Omit every picture while repeating the entries exactly.

[Records excerpted from a collection]
------------------------------------------------

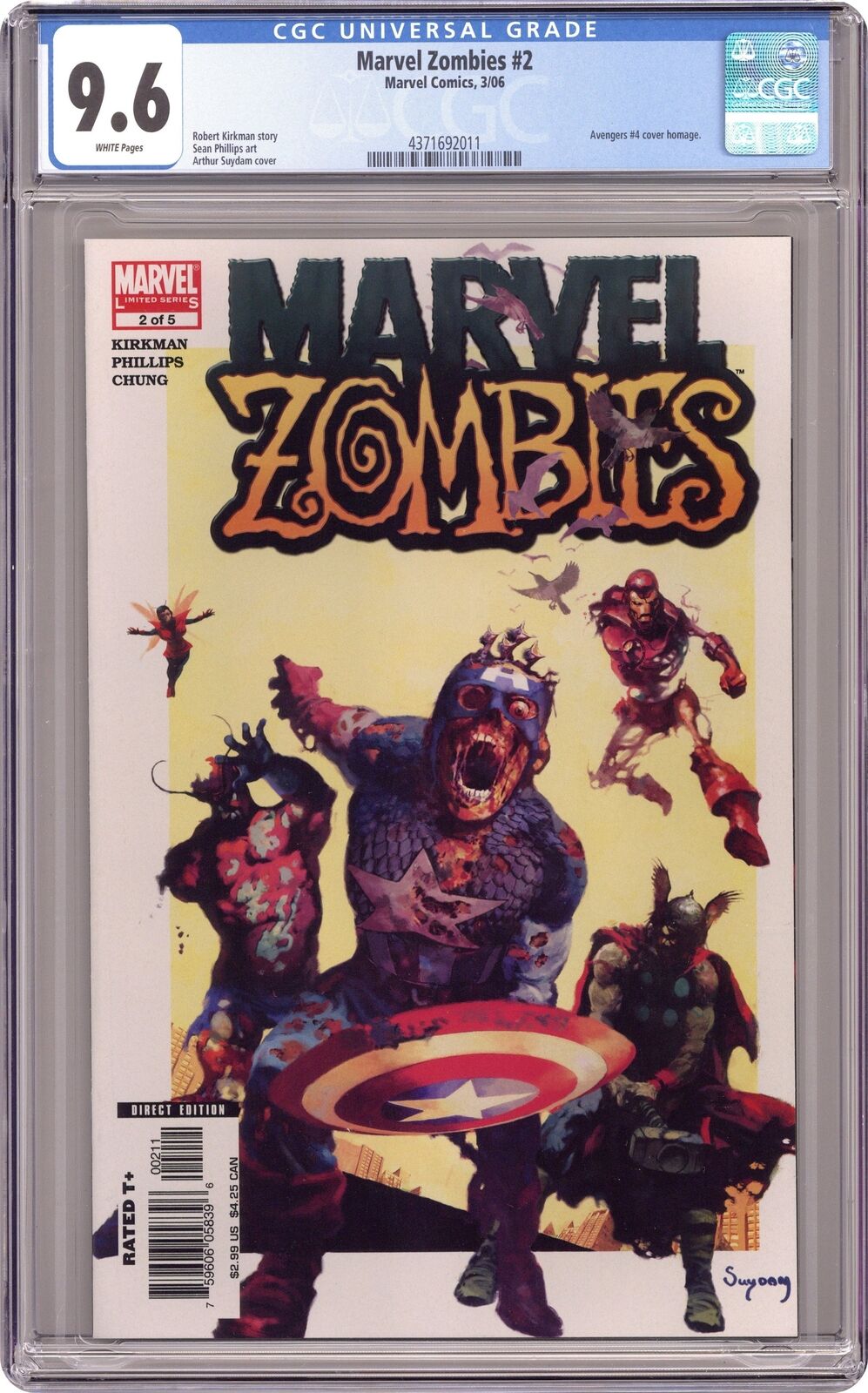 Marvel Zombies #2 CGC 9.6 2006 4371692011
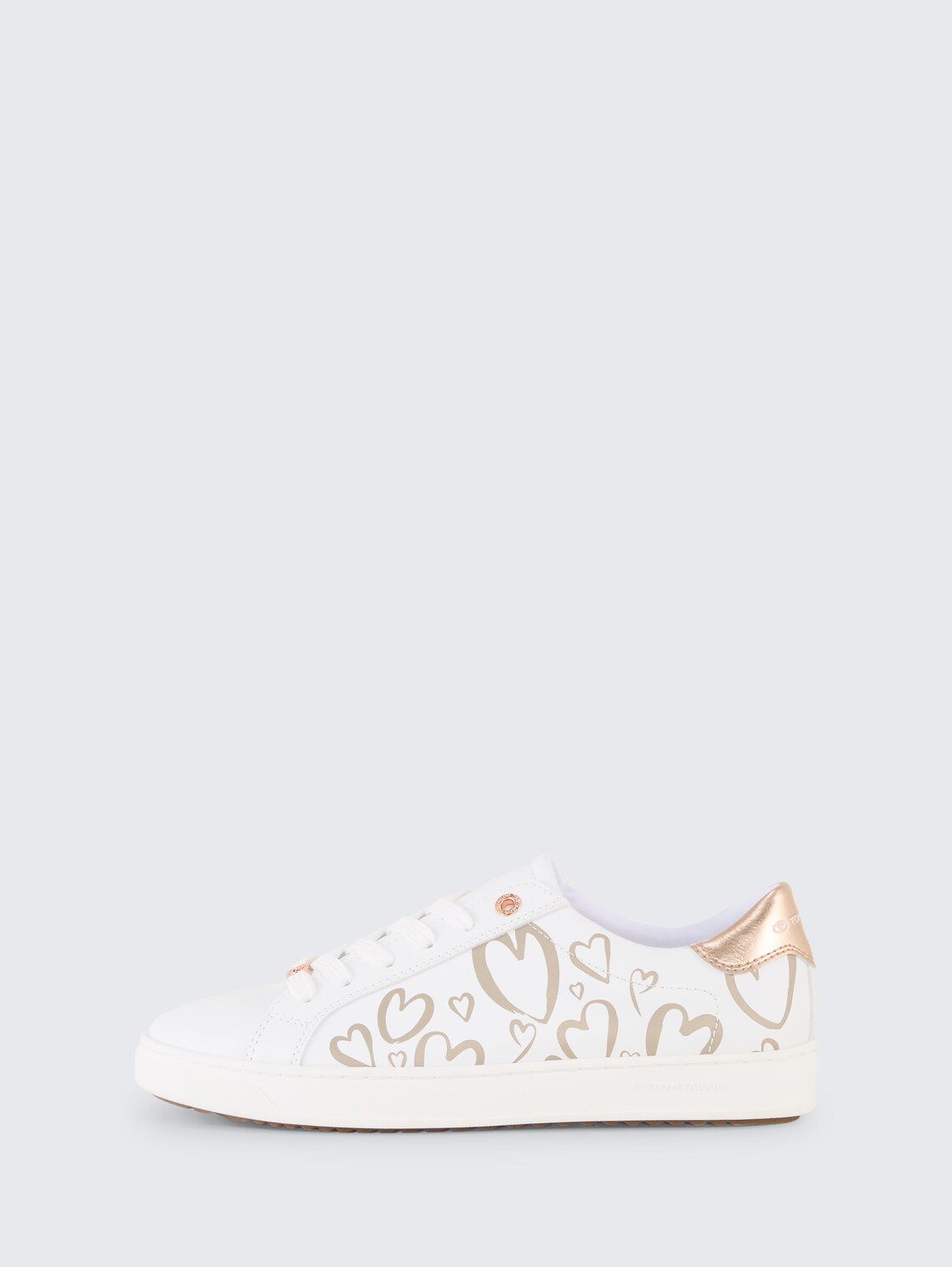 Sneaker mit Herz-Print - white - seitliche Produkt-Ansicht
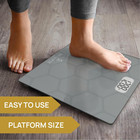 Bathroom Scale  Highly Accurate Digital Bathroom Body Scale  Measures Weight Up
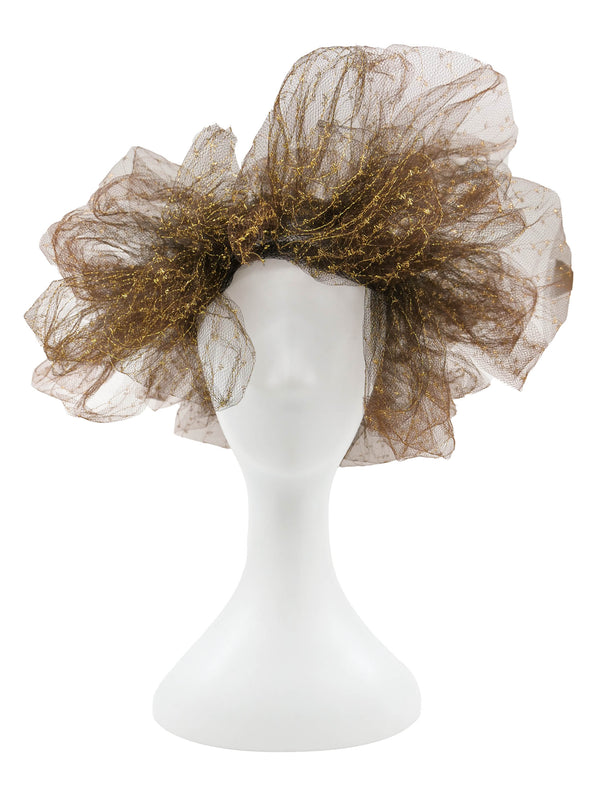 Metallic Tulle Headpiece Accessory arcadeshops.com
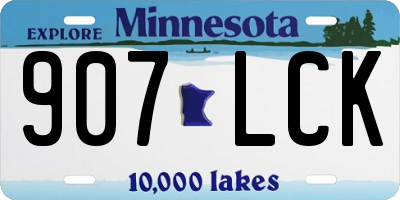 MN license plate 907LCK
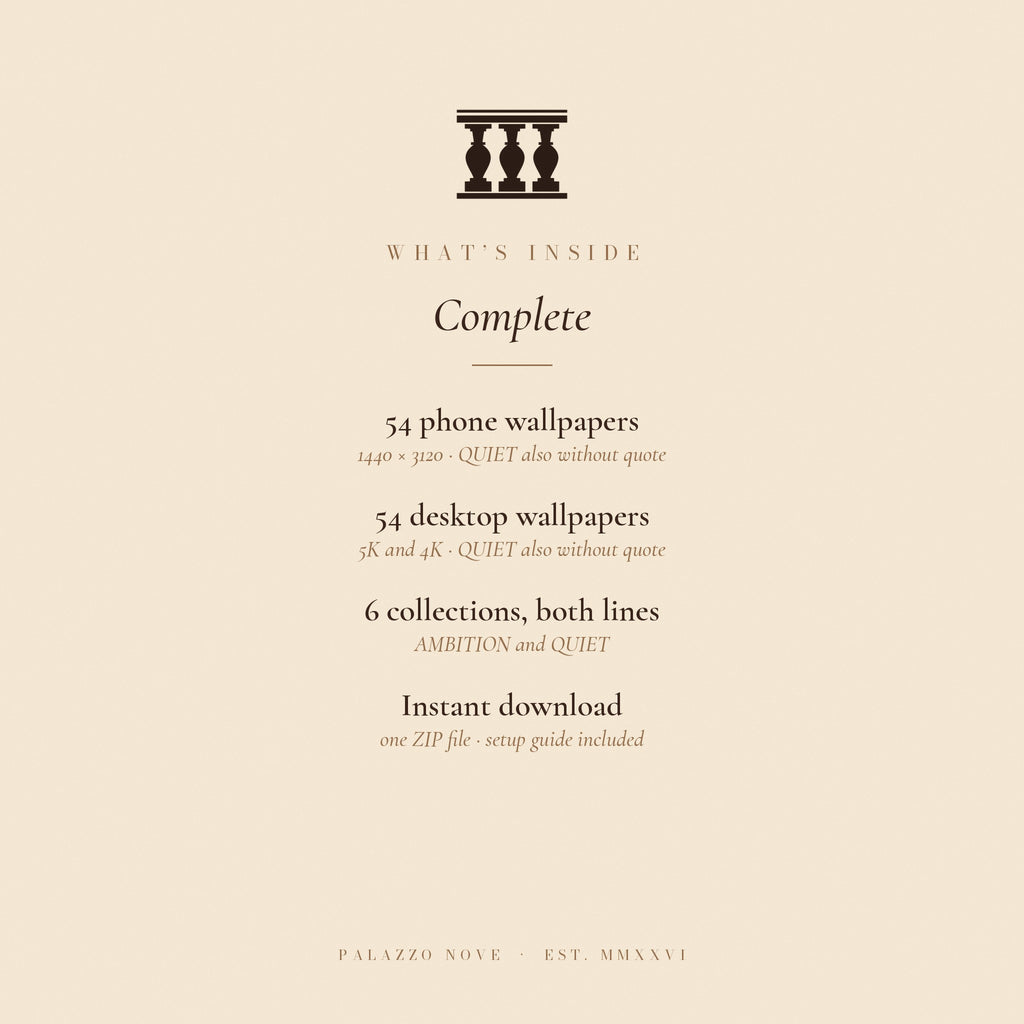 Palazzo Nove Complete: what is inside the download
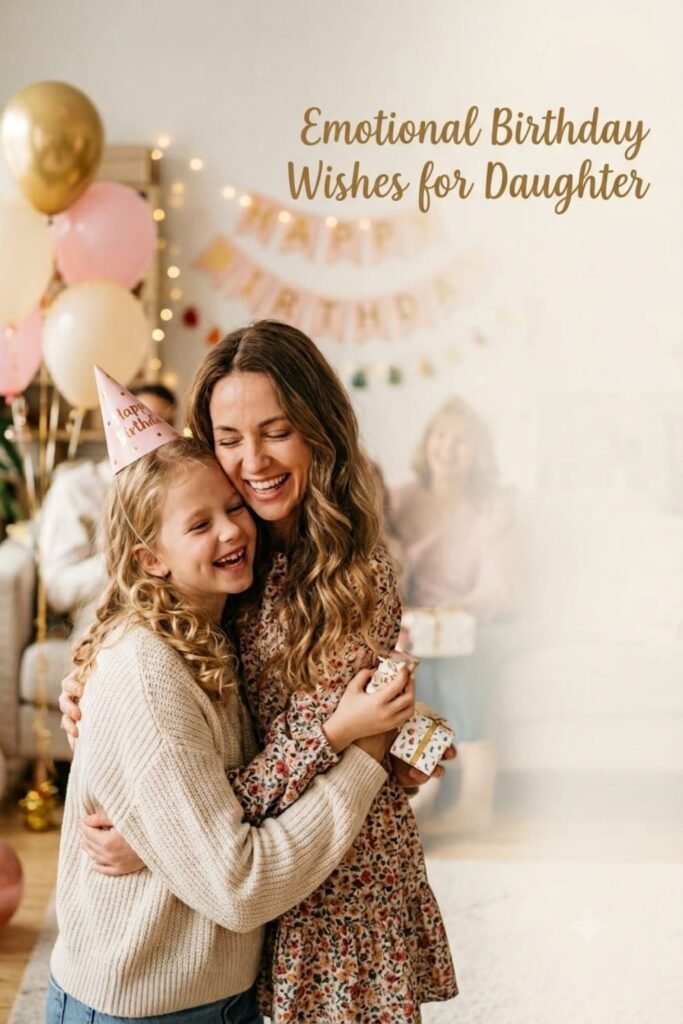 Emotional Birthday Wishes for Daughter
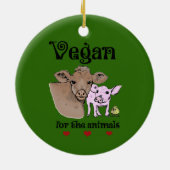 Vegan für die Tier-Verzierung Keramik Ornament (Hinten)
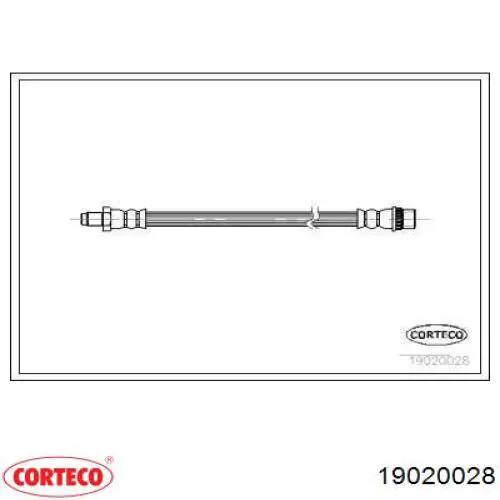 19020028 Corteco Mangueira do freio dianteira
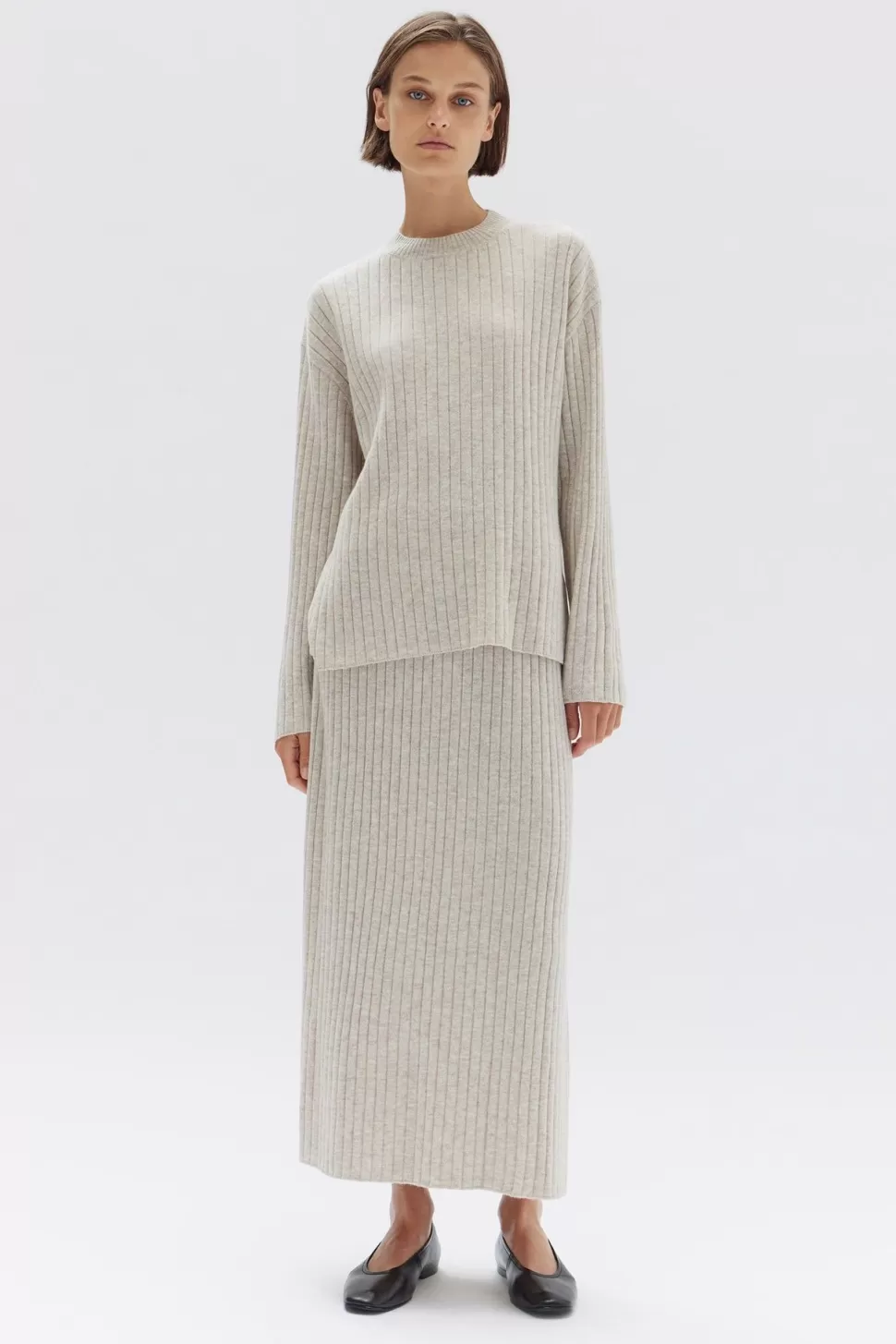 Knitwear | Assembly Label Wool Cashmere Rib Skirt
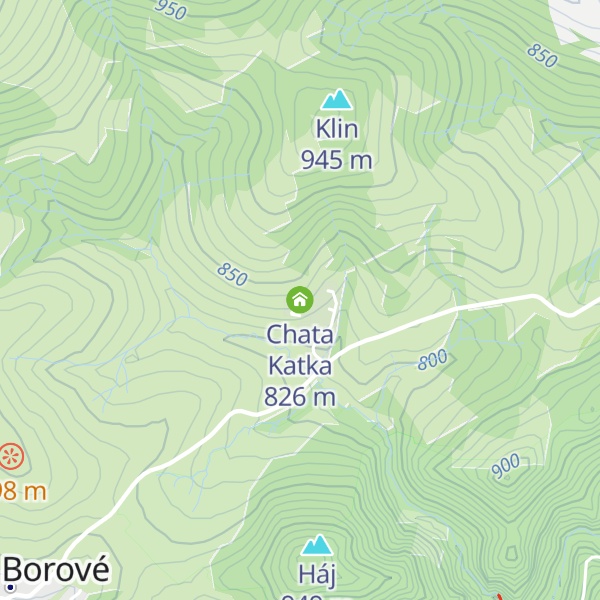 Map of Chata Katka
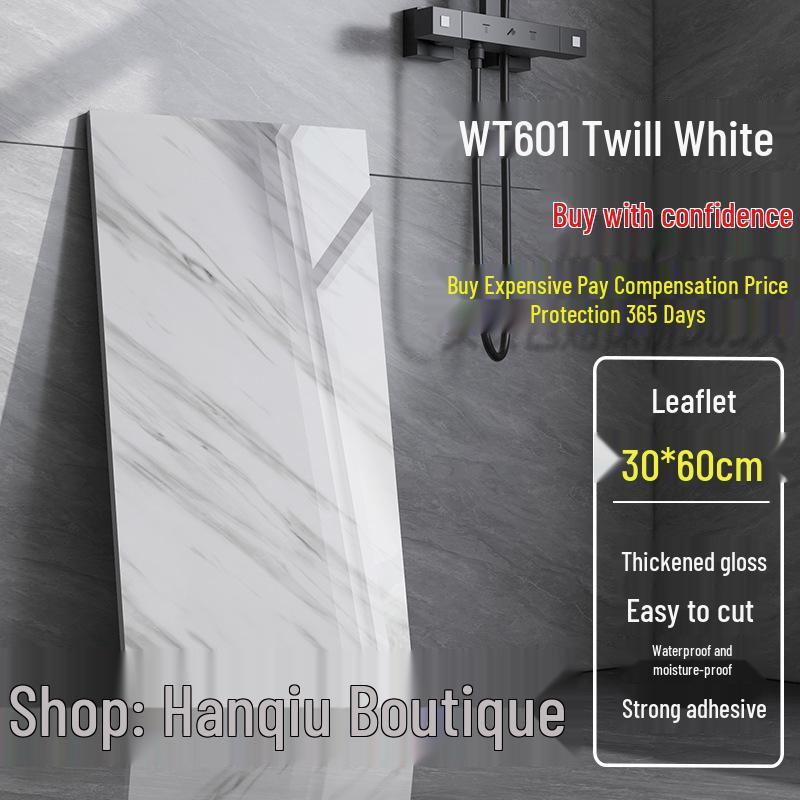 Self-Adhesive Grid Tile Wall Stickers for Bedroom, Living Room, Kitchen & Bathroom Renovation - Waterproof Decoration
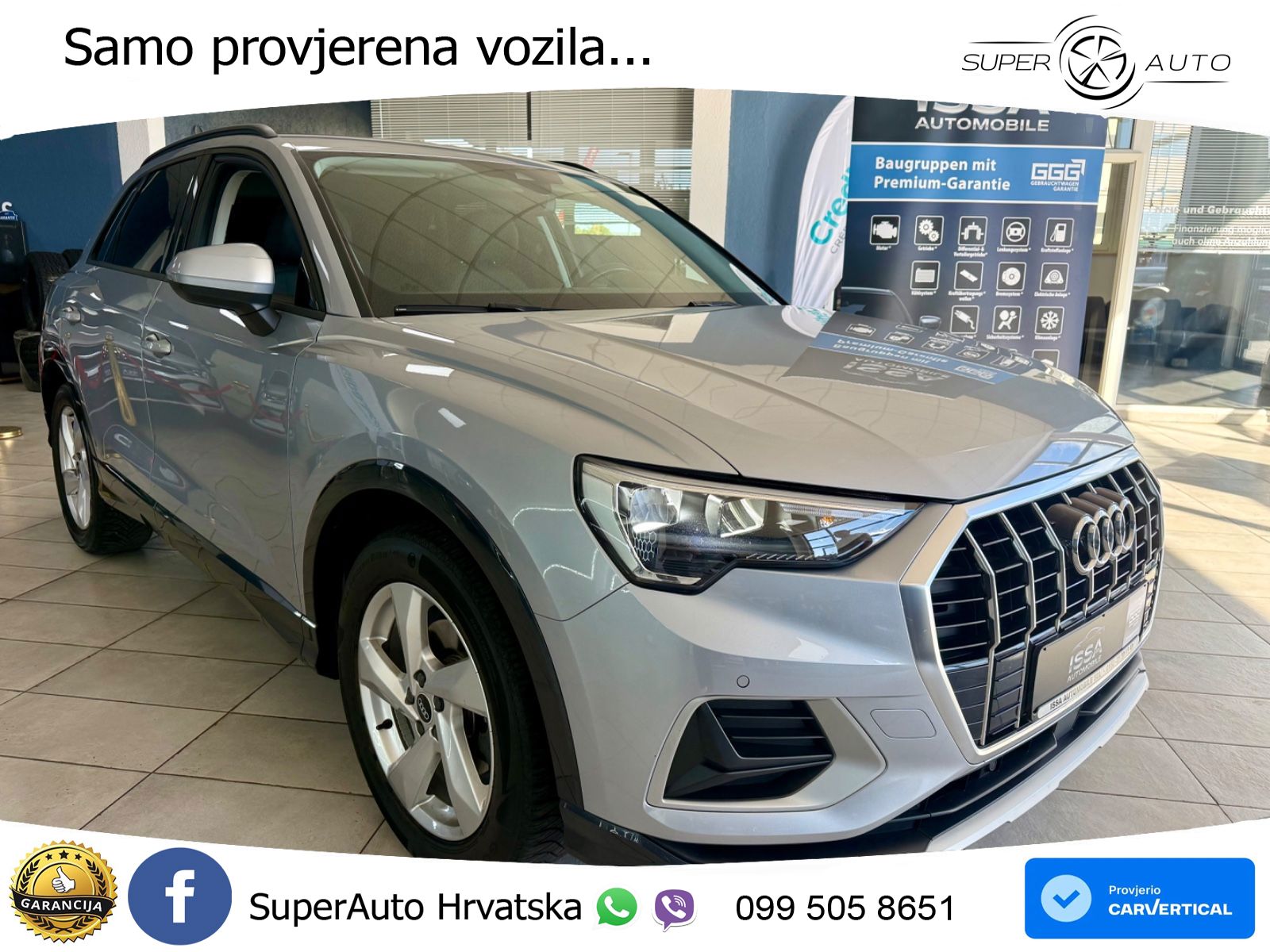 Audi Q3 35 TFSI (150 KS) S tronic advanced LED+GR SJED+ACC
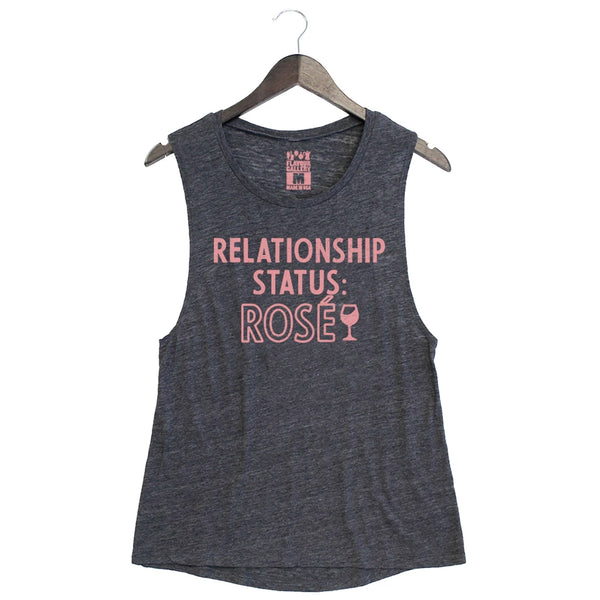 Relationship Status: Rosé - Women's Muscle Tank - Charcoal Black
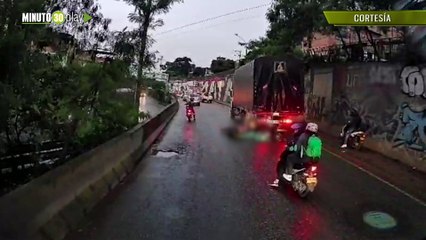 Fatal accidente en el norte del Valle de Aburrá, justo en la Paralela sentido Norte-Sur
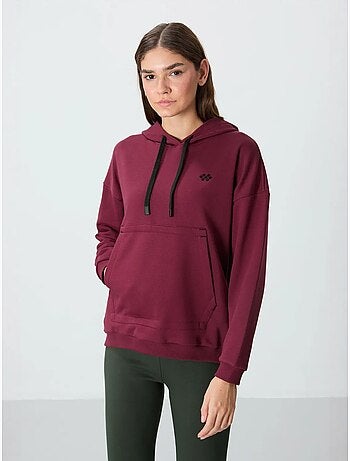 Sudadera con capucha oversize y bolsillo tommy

------------------------------------------------

Solution to this problem:
 Marvel Zombies #2 CGC 9.6 2006 4371692011
 Sneaker mit Herz-Print - white - seitliche Produkt-Ansicht
 Bathroom Scale  Highly Accurate Digital Bathroom Body Scale  Measures Weight Up
 Metallic Tulle Headpiece Accessory arcadeshops.com
 MN license plate 907LCK
 Palazzo Nove Complete: what is inside the download
 Emotional Birthday Wishes for Daughter
 Vegan für die Tier-Verzierung Keramik Ornament (Hinten)
 19020028 Corteco Mangueira do freio dianteira
 Knitwear | Assembly Label Wool Cashmere Rib Skirt
 Map of Chata Katka
 Self-Adhesive Grid Tile Wall Stickers for Bedroom, Living Room, Kitchen & Bathroom Renovation - Waterproof Decoration
 Audi Q3 35 TFSI (150 KS) S tronic advanced LED+GR SJED+ACC
 Relationship Status: Rosé - Women's Muscle Tank - Charcoal Black
 Fatal accidente en el norte del Valle de Aburrá, justo en la Paralela sentido Norte-Sur
 Sudadera con capucha oversize y bolsillo tommy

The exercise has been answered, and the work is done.